El ruido nos embriaga. El vino es un buen sustituto y quizá más saludable para alimentar nuestro dolor de cabeza. Al menos nos permite seguir con la mirada el rítmico vuelo de una mariposa o el caprichoso aleteo del abejorro en primavera y en los albores de un otoño cálido.

El ruido nos parte el alma. Una mañana el ruido me estalló en la cabeza y me hizo abandonar el mundo en el que estaba instalado. Mi mente se abrió a una realidad a la que no estamos acostumbrados. El hacer, hacer, hacer,... se comenzó a disolver en el vivir, vivir, vivir,... pero para ello es preciso pasar primero por un estadio intermedio: la búsqueda de lo que perdí por el camino o de lo que, en realidad, yace sumergido en el fondo del océano de la mente.

No me considero una persona especialmente sensible, aunque soy un ferviente amante del arte y la literatura. Creo en los valores que transmite la vida. Creo que la ley no es nada si no pasa por el check point del corazón. Respeto a aquellos que han preservado tradiciones familiares por los siglos de los siglos, aquellos que callaron para preservar su autenticidad. Porque la vida no se concibe como una aduana en la que hay que declarar toda la mercancía que llevamos dentro. Yo soy feliz compartiendo mi vida con mis seres amados e intentando conocer y sentir ese mundo del que formamos parte desde hace millones de años y que se nos escapa. ¡Qué ridícula es nuestra vida comparada con la inmensidad de un universo en continua transformación! Somos herederos de lo que nos ha tocado vivir y tenemos el deber de vivir con autenticidad.

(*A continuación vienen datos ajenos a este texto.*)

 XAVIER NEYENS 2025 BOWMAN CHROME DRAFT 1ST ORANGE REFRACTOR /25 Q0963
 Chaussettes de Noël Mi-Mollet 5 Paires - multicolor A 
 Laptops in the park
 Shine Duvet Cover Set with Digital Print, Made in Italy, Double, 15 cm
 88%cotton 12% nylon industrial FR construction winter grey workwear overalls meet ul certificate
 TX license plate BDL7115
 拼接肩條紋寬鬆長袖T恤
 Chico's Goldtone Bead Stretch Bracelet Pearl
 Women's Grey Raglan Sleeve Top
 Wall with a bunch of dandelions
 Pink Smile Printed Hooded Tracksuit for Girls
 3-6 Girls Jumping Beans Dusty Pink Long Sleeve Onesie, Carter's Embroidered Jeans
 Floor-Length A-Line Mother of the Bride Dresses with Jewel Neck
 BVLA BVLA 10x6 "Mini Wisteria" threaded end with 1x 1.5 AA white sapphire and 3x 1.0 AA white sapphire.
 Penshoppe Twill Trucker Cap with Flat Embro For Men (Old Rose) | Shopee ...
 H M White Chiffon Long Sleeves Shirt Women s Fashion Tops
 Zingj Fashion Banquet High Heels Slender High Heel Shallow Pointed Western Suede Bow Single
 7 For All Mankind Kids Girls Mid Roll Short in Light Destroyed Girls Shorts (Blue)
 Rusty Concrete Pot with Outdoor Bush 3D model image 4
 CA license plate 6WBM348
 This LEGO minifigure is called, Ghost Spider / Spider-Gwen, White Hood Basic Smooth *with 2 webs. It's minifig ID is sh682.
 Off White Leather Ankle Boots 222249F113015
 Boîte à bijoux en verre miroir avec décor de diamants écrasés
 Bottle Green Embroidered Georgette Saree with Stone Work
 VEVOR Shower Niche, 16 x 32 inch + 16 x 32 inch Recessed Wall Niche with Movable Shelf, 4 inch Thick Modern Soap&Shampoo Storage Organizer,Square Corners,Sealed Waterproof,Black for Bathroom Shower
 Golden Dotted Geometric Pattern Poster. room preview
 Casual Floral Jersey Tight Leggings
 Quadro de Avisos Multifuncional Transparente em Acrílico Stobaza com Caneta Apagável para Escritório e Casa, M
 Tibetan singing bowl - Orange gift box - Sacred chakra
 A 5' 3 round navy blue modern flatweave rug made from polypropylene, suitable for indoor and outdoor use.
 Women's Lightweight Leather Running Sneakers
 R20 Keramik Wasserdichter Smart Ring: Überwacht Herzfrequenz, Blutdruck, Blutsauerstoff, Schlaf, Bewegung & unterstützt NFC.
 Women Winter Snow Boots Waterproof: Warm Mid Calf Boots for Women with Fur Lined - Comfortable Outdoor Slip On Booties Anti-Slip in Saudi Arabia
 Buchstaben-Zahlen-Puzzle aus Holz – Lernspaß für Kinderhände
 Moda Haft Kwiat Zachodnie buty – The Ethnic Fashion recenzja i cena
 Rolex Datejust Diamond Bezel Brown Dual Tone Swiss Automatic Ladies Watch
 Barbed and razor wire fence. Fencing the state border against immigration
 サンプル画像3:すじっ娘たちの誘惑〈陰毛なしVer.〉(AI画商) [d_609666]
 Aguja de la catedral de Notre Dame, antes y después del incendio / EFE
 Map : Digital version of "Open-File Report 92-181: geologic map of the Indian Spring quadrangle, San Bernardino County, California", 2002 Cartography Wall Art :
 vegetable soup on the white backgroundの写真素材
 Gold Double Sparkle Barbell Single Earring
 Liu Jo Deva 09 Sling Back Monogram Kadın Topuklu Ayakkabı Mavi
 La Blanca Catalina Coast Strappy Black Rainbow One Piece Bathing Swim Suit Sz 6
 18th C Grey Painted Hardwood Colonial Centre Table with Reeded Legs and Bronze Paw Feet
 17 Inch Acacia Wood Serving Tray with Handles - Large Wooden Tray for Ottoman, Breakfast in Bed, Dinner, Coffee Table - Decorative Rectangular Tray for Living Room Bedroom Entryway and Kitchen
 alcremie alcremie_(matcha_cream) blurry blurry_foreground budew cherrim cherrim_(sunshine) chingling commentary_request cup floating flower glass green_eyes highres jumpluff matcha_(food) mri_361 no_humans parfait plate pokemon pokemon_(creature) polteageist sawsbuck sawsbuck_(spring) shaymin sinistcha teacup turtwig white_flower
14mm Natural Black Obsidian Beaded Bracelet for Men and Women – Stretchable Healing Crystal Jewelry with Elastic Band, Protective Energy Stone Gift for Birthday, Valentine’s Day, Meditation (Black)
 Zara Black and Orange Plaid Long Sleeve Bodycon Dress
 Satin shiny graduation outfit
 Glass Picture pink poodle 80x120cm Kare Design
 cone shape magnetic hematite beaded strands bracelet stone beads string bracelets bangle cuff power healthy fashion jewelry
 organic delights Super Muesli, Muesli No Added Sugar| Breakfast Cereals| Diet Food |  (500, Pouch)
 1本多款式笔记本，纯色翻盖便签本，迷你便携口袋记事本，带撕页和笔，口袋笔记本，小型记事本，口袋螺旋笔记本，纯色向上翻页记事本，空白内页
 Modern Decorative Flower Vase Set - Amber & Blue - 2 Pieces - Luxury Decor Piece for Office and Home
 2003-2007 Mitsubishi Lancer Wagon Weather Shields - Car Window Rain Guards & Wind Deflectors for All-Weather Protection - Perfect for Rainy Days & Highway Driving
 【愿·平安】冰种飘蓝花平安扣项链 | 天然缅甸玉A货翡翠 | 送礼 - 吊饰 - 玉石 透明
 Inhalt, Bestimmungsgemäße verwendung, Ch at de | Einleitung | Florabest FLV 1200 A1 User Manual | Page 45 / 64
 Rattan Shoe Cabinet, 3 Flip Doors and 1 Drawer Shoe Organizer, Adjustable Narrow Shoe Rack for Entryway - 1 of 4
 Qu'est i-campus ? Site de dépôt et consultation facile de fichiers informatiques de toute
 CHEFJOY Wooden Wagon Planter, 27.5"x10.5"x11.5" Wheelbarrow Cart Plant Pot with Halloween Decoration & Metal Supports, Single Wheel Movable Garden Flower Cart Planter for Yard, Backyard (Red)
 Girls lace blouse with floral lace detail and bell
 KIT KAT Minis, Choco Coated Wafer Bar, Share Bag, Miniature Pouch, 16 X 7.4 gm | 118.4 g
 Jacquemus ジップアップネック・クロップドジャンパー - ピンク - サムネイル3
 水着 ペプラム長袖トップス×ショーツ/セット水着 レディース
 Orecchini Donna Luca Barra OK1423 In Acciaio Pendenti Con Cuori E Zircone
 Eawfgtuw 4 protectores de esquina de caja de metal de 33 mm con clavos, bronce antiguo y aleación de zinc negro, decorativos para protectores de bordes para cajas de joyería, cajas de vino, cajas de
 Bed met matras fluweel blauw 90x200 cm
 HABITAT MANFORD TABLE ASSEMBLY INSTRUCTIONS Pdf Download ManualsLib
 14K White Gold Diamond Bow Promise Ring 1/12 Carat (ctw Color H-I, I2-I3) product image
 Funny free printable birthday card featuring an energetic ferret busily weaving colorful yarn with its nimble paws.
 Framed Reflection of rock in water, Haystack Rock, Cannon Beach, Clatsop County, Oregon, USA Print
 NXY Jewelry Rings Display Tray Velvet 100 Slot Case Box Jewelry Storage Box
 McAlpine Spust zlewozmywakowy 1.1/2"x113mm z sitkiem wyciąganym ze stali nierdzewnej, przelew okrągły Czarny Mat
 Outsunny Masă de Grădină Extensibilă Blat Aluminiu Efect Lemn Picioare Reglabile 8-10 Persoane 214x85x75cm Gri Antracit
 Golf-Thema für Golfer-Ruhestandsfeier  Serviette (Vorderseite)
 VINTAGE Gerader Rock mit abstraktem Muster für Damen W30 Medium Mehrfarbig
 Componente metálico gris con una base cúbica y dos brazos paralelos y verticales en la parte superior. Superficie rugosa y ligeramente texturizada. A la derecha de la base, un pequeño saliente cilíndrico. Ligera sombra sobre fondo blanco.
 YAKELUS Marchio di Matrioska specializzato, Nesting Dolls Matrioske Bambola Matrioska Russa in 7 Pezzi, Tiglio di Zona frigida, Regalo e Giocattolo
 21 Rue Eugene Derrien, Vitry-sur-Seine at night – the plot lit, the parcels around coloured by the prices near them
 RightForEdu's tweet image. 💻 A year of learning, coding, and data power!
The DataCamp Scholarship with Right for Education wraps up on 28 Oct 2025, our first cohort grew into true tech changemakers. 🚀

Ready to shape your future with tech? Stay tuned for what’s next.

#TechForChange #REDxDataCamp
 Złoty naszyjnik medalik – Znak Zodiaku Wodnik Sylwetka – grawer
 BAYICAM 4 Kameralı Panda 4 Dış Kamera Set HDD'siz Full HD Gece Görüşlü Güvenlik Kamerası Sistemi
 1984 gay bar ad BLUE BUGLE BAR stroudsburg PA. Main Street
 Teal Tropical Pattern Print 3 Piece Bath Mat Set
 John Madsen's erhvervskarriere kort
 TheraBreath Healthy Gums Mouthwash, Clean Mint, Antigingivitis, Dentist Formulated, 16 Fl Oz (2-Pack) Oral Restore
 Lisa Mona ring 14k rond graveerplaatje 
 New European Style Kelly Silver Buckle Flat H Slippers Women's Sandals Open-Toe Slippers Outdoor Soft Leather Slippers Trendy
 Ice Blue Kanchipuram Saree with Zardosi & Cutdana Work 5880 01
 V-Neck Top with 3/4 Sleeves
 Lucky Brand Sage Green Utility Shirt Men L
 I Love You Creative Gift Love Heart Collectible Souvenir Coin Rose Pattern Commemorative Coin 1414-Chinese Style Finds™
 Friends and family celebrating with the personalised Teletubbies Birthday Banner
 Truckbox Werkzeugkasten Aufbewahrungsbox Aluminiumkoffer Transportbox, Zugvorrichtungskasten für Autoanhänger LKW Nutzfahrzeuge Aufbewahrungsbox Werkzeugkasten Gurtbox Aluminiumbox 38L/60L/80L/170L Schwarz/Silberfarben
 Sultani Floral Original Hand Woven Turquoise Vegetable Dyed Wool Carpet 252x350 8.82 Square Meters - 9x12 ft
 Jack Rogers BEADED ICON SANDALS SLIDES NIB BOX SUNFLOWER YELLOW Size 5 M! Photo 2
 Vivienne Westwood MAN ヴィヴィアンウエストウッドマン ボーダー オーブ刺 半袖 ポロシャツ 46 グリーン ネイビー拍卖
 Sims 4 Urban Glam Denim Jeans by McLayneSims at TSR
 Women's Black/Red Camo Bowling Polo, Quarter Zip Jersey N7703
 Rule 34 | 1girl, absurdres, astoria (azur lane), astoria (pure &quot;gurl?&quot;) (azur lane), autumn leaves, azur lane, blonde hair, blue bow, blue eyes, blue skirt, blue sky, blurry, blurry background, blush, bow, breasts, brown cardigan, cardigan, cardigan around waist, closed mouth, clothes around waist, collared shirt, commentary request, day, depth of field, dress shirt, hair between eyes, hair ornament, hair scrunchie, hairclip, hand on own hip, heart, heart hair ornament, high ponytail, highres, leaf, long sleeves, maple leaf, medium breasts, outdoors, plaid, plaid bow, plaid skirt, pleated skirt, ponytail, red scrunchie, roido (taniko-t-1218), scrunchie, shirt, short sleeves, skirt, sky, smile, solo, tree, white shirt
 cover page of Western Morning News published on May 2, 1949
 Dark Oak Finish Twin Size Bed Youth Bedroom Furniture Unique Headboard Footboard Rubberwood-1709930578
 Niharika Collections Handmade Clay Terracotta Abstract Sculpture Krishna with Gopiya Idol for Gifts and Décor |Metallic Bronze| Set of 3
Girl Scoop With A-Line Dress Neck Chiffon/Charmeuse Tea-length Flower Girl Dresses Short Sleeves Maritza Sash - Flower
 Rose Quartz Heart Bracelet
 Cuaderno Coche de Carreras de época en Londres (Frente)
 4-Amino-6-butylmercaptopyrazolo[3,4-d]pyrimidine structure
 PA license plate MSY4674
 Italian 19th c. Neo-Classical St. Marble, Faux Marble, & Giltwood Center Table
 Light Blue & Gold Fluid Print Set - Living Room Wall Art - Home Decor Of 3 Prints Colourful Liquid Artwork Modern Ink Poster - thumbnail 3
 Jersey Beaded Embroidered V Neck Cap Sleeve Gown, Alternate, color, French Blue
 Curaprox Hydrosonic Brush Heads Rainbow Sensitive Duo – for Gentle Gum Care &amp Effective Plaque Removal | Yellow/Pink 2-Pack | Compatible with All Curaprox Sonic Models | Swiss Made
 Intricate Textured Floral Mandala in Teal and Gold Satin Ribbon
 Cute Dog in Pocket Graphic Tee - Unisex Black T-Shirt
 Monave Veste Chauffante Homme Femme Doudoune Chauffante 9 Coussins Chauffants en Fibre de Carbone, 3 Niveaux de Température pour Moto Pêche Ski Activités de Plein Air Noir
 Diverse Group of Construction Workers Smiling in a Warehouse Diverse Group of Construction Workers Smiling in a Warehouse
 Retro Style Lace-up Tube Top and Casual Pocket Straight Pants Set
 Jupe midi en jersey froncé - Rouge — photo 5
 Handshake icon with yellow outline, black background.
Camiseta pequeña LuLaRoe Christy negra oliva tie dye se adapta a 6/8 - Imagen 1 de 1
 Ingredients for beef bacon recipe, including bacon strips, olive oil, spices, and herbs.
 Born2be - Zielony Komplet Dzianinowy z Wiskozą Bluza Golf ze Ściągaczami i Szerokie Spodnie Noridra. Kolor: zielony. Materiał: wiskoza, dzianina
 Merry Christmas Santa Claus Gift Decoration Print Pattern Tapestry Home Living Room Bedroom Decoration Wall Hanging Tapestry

Ruidos y más ruidos. Envolvemos nuestra existencia como un regalo con la celulosa de un mar de decibelios. Aplaudimos al que más grita, al que más gesticula, al más vehemente,... Consideramos que es más creíble el más apasionado. En cambio, no nos percatamos de las pequeñas llamas de luz, de los candorosos susurros de las aguas mansas de las personas que van transformando el mundo con su callada cotidianeidad.

Me pongo en manos de la música y de la frase acertada. Me entrego al conocimiento y a la vivencia amorosa con la gente que entiende la vida como una búsqueda. Me rebelo contra el ruido y esa revolución futurista como la que soñó Marinetti en su delirio de posguerra. La velocidad nos lleva a no apreciar con toda su intensidad el paisaje de la vida, el color de las almas, el aroma del café mezclada con la piel y la lágrima del amigo; el ruido nos ahoga en ese mar embravecido del convencionalismo, del pensamiento hueco, de la tumba vacía, de la ciudad convertida en danza de neutrones y protones.

Ruidos y más ruidos. Bájate de ese ritmo. Cógeme de la mano e invítame a contemplar la vida con toda su majestuosidad, pues desde la piel húmeda y pútrida del túnel se puede intuir un rayo de luz que penetra rompiendo todos los ruidos entre las vísceras infestas de la oscura incertidumbre.